Signed-off-by: Miao Xie <miaox@cn.fujitsu.com>
Signed-off-by: Josef Bacik <jbacik@fusionio.com>
Signed-off-by: Chris Mason <chris.mason@fusionio.com>
fs/btrfs/extent_io.c

index 6fbacfa..0a77b48 100644 (file)
@@ -762,15 +762,6 @@ static void cache_state(struct extent_state *state,
        }
 }
 
-static void uncache_state(struct extent_state **cached_ptr)
-{
-       if (cached_ptr && (*cached_ptr)) {
-               struct extent_state *state = *cached_ptr;
-               *cached_ptr = NULL;
-               free_extent_state(state);
-       }
-}
-
 /*
  * set some bits on a range in the tree.  This may require allocations or
  * sleeping, so the gfp mask is used to indicate what is allowed.
@@ -2115,7 +2106,8 @@ static int clean_io_failure(u64 start, struct page *page)

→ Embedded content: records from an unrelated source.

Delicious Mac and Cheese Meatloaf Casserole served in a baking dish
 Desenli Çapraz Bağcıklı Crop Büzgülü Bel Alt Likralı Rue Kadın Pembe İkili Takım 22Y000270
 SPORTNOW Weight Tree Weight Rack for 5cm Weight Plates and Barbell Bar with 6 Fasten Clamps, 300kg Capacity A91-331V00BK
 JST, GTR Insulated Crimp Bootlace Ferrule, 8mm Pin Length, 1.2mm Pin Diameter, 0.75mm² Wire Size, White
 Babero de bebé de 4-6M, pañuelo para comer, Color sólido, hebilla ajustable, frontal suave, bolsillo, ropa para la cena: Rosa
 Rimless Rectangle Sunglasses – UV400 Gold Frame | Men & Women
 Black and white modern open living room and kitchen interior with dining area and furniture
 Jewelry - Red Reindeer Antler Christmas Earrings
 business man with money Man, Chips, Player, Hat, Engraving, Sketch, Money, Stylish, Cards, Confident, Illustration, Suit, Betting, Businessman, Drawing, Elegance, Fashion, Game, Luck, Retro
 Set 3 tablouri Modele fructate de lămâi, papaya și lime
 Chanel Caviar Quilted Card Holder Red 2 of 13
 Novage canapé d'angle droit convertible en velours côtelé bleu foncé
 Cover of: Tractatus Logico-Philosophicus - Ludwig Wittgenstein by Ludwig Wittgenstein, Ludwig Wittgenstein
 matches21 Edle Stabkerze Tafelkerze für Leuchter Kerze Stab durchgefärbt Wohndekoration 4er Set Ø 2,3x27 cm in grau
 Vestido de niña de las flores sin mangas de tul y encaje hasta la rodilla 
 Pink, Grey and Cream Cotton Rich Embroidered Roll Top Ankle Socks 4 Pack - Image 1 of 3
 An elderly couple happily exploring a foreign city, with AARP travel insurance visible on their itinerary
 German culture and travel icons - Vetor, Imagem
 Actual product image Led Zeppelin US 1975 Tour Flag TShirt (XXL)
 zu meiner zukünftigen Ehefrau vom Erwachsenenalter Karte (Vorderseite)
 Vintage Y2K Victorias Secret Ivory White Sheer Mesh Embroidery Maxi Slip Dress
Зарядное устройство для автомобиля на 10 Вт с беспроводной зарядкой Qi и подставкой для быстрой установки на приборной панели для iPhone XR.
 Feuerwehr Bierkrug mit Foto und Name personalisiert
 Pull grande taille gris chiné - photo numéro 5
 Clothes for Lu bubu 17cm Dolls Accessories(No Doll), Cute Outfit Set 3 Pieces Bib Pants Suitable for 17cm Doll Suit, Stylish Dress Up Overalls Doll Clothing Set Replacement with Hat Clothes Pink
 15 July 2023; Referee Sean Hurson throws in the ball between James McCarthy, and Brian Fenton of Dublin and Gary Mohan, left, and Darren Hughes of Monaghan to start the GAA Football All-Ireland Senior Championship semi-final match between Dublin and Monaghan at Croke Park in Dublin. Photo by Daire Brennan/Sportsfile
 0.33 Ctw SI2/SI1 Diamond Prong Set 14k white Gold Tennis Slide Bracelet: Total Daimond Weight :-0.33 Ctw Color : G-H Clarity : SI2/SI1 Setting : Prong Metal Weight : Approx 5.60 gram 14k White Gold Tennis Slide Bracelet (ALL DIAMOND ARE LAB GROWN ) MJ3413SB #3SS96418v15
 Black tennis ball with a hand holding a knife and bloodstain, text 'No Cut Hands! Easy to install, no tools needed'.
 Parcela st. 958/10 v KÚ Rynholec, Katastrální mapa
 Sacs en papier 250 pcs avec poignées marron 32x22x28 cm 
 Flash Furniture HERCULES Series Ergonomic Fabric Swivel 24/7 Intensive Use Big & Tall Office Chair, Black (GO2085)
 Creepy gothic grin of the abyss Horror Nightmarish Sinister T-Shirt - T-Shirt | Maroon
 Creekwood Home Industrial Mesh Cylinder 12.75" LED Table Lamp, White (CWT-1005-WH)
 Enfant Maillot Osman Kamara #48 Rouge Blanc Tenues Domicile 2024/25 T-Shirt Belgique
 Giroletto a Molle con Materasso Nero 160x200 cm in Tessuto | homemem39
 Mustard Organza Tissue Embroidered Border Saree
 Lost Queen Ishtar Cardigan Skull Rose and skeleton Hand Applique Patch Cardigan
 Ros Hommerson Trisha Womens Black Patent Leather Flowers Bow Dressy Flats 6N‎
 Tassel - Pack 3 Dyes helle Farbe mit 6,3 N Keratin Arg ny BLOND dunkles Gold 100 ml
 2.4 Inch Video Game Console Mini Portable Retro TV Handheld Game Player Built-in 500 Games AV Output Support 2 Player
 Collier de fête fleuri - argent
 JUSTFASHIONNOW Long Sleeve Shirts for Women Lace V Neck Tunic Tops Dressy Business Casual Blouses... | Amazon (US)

                                            EXTENT_LOCKED);
        spin_unlock(&BTRFS_I(inode)->io_tree.lock);
 
-       if (state && state->start == failrec->start) {
+       if (state && state->start <= failrec->start &&
+           state->end >= failrec->start + failrec->len - 1) {
                fs_info = BTRFS_I(inode)->root->fs_info;
                num_copies = btrfs_num_copies(fs_info, failrec->logical,
                                              failrec->len);
@@ -2394,6 +2386,18 @@ static void end_bio_extent_writepage(struct bio *bio, int err)
        bio_put(bio);
 }
 
+static void
+endio_readpage_release_extent(struct extent_io_tree *tree, u64 start, u64 len,
+                             int uptodate)
+{
+       struct extent_state *cached = NULL;
+       u64 end = start + len - 1;
+
+       if (uptodate && tree->track_uptodate)
+               set_extent_uptodate(tree, start, end, &cached, GFP_ATOMIC);
+       unlock_extent_cached(tree, start, end, &cached, GFP_ATOMIC);
+}
+
 /*
  * after a readpage IO is done, we need to:
  * clear the uptodate bits on error
@@ -2416,6 +2420,8 @@ static void end_bio_extent_readpage(struct bio *bio, int err)
        u64 start;
        u64 end;
        u64 len;
+       u64 extent_start = 0;
+       u64 extent_len = 0;
        int mirror;
        int ret;
 
@@ -2424,8 +2430,6 @@ static void end_bio_extent_readpage(struct bio *bio, int err)
 
        do {
                struct page *page = bvec->bv_page;
-               struct extent_state *cached = NULL;
-               struct extent_state *state;
                struct inode *inode = page->mapping->host;
 
                pr_debug("end_bio_extent_readpage: bi_sector=%llu, err=%d, "
@@ -2451,17 +2455,6 @@ static void end_bio_extent_readpage(struct bio *bio, int err)
                if (++bvec <= bvec_end)
                        prefetchw(&bvec->bv_page->flags);
 
-               spin_lock(&tree->lock);
-               state = find_first_extent_bit_state(tree, start, EXTENT_LOCKED);
-               if (likely(state && state->start == start)) {
-                       /*
-                        * take a reference on the state, unlock will drop
-                        * the ref
-                        */
-                       cache_state(state, &cached);
-               }
-               spin_unlock(&tree->lock);
-
                mirror = io_bio->mirror_num;
                if (likely(uptodate && tree->ops &&
                           tree->ops->readpage_end_io_hook)) {
@@ -2500,18 +2493,11 @@ static void end_bio_extent_readpage(struct bio *bio, int err)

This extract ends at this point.